We follow the case along with Gittes, who in the course of the journey tells lewd jokes and quips acerbic lines, but above all seeks the truth like a bloodhound on the scent. The ghost of Bogart’s Philip Marlowe is ever present, but Nicholson provides original flourishes including a surprising tenderness to his character. He is all at once romantic, masculine and a touch feminine, a combination that reveals a far more human and rounded character than we have come to expect from the typical heroes of detective noir novelists such as Raymond Chandler.

Nicholson’s likeable quality is perfectly contrasted by a creeping and malevolent performance from Huston, who we immediately distrust but are never sure why. Huston also delivers one of the most famous lines of the movie: “Most people never have to face the fact that at the right time and the right place, they’re capable of anything.” This remarkable quip cuts to the quick of the movie’s ethos, where despair, murder and tragedy lurk around every corner. Gone are the bright lights of the City of Angels; instead each character is fallen, possessing some level of guilt for a crime, legal or moral. When you consider that only a few years earlier Polanski lost his wife in the notorious Charles Manson murders, his deconstruction of American life is perhaps unsurprising, showing signs of a promising Hollywood career.

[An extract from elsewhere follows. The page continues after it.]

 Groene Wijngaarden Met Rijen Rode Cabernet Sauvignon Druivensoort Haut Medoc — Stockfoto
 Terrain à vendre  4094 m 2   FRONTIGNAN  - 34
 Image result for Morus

With the magnificent Chinatown, Polanski crafted one of the most important and impressive films of the 1970s. It immediately draws you into the world of lies and deceit, where past ghosts of detective films linger in the frames. Yet it also feels completely fresh even to this day, and goes to much darker places than the films of the 1940s ever could – a gripping mystery with a career-defining performance from the one and only Nicholson.